Tailored Brands reported third-quarter revenue of $846.9 million, down 2.1% year over year but about $14 million higher than the average analyst estimate. The Men's Wearhouse brand posted comparable sales growth of 0.1%, while the Jos. A. Bank brand suffered a 9.8% comparable-sales decline. The company discontinued the popular buy-one-get-three-free promotion last October at Jos. A. Bank, which led to a steep sales decline. The nearly 10% decline during the third quarter represents a significant improvement.
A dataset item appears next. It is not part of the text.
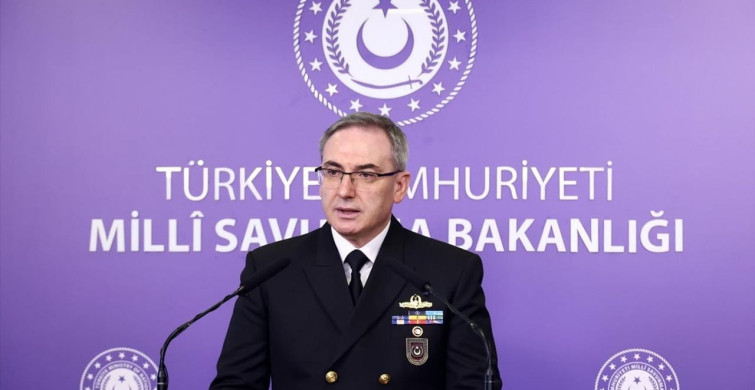 MSB Basın Bilgilendirme Toplantısında Önemli Açıklamalar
Non-GAAP (adjusted) earnings per share (EPS) came in at $0.68, up from $0.50 during the prior-year period and $0.13 higher than analysts were expecting. The ongoing turnaround at Jos. A. Bank, as well as cost-cutting measures, helped to drive earnings higher. On a GAAP basis the company reported EPS of $0.58, up from a loss of $0.56 during the third quarter of 2015.
Tailored Brands CEO Doug Ewert is confident that the Jos. A. Bank recovery efforts will make additional progress going forward: "While there is still work to be done, we are encouraged by the healthier trends we are seeing at Jos. A. Bank that reflect our investments in elevating the brand and customer experience through marketing, merchandising and a more engaging sales experience."
With better-than-expected results from Jos. A. Bank, Tailored Brands now expects to produce non-GAAP EPS between $1.70 and $1.85 in 2016. That's up from a previous guidance range of $1.55 to $1.85. The company expects Jos. A. Bank to produce comparable-sales growth in the mid to high single digits during the fourth quarter.
With Tailored Brands beginning to lap the disastrous effects of its promotional changes at Jos. A. Bank, the numbers are going to start looking a lot better during the fourth quarter. The company isn't out of the woods yet -- Jos. A. Bank's sales are still well below pre-acquisition levels. But progress is being made, prompting investors to send the stock substantially higher.